───── Data below ─────
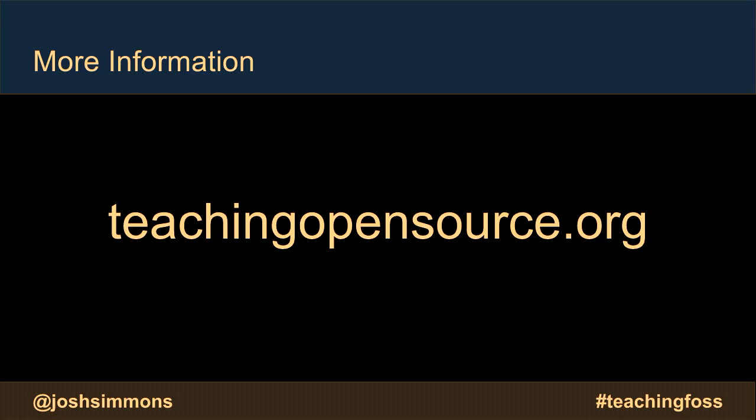Teaching opensource.org is a project specifically for instructors, particularly at universities, to collaborate on building open source into their curriculum. They have a special focus on humanitarian free and open source software, so that while students are contributing to open source, not only are they contributing to the commons and getting real-world experience, but they're making the whole world a better place — these are projects helping with medical record systems or microfinance in developing nations. Can't recommend that resource enough.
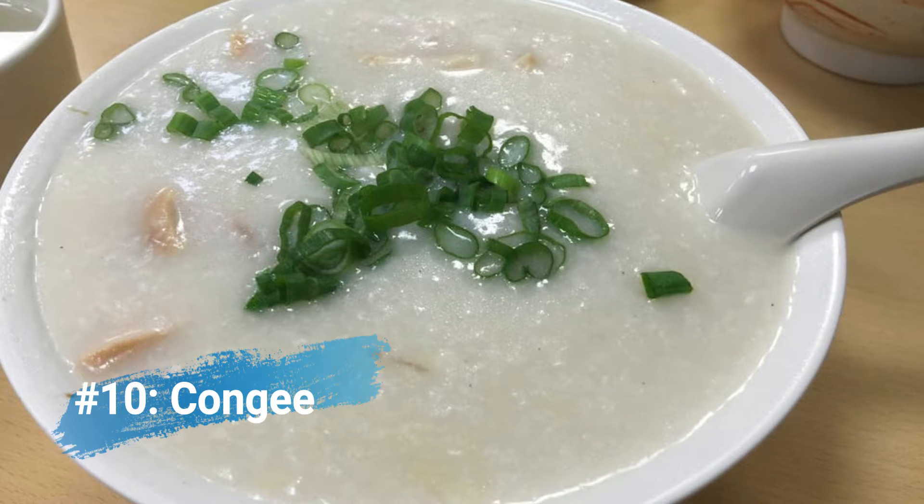And finally, number ten: congee. What is congee? It's a Chinese rice porridge soup — not a seafood dish. This is one of the authentic Cantonese dishes that families love to eat, especially for breakfast at home. It's rice porridge served sometimes with century egg and thin shredded pork inside. It's a great dish to get, especially if you are under the weather or want to try something very unique in the world of Chinese cooking.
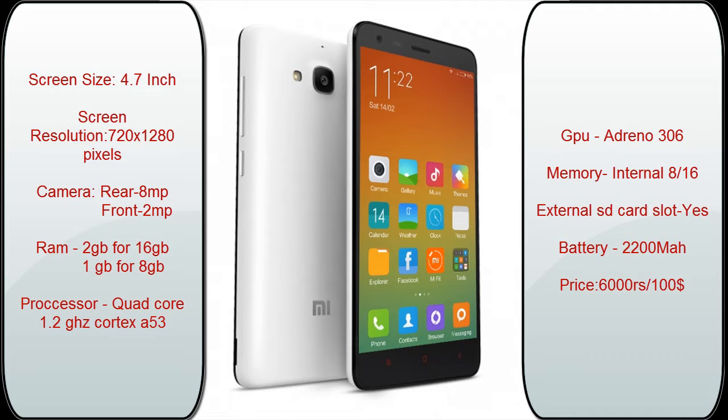You cannot expect great camera quality in this price range, but it has decent camera quality. It has 2 GB RAM for the 16 GB variant and 1 GB RAM for the 8 GB variant. I strongly recommend you to buy the 16 GB variant as it has 2 GB of RAM — 2 GB of RAM is compulsory for phones nowadays. It has a quad-core processor clocked at 1.2 GHz Cortex-A53 and an Adreno 306 GPU, which is good for gaming.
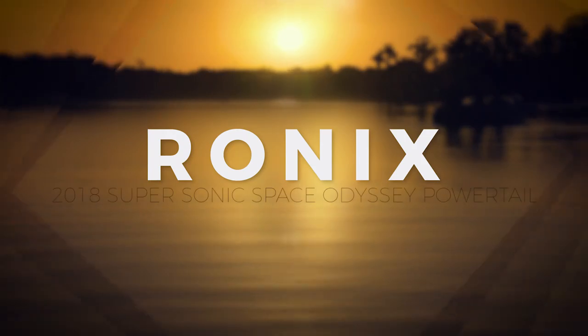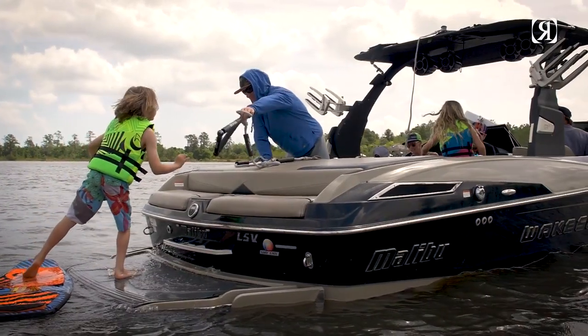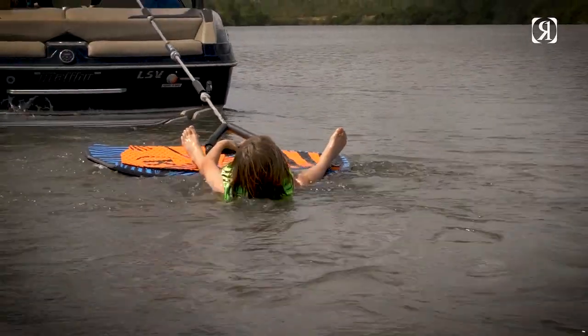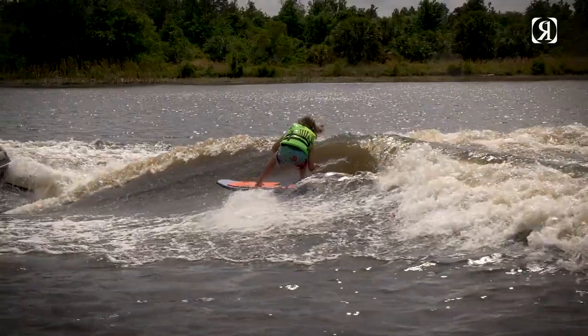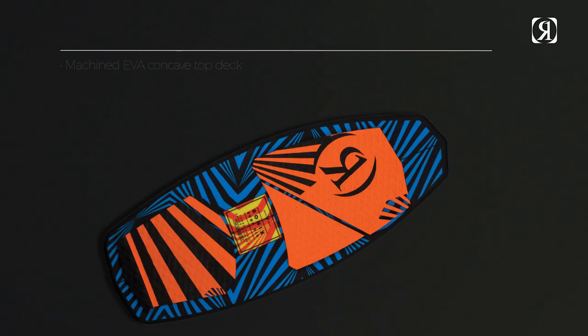Supersonic Space Odyssey Powertail — a kids-specific Powertail shape and layup combining the stable aspects of a longboard, the bottom turn drive of a thruster, and the ability to air out like no other kids board out there.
─────
Pictures should not appear in the copy. Write out exactly the lines above from the first one through the line that contains "You cannot expect".

Teaching opensource.org is a project specifically for instructors, particularly at universities, to collaborate on building open source into their curriculum. They have a special focus on humanitarian free and open source software, so that while students are contributing to open source, not only are they contributing to the commons and getting real-world experience, but they're making the whole world a better place — these are projects helping with medical record systems or microfinance in developing nations. Can't recommend that resource enough.
And finally, number ten: congee. What is congee? It's a Chinese rice porridge soup — not a seafood dish. This is one of the authentic Cantonese dishes that families love to eat, especially for breakfast at home. It's rice porridge served sometimes with century egg and thin shredded pork inside. It's a great dish to get, especially if you are under the weather or want to try something very unique in the world of Chinese cooking.
You cannot expect great camera quality in this price range, but it has decent camera quality. It has 2 GB RAM for the 16 GB variant and 1 GB RAM for the 8 GB variant. I strongly recommend you to buy the 16 GB variant as it has 2 GB of RAM — 2 GB of RAM is compulsory for phones nowadays. It has a quad-core processor clocked at 1.2 GHz Cortex-A53 and an Adreno 306 GPU, which is good for gaming.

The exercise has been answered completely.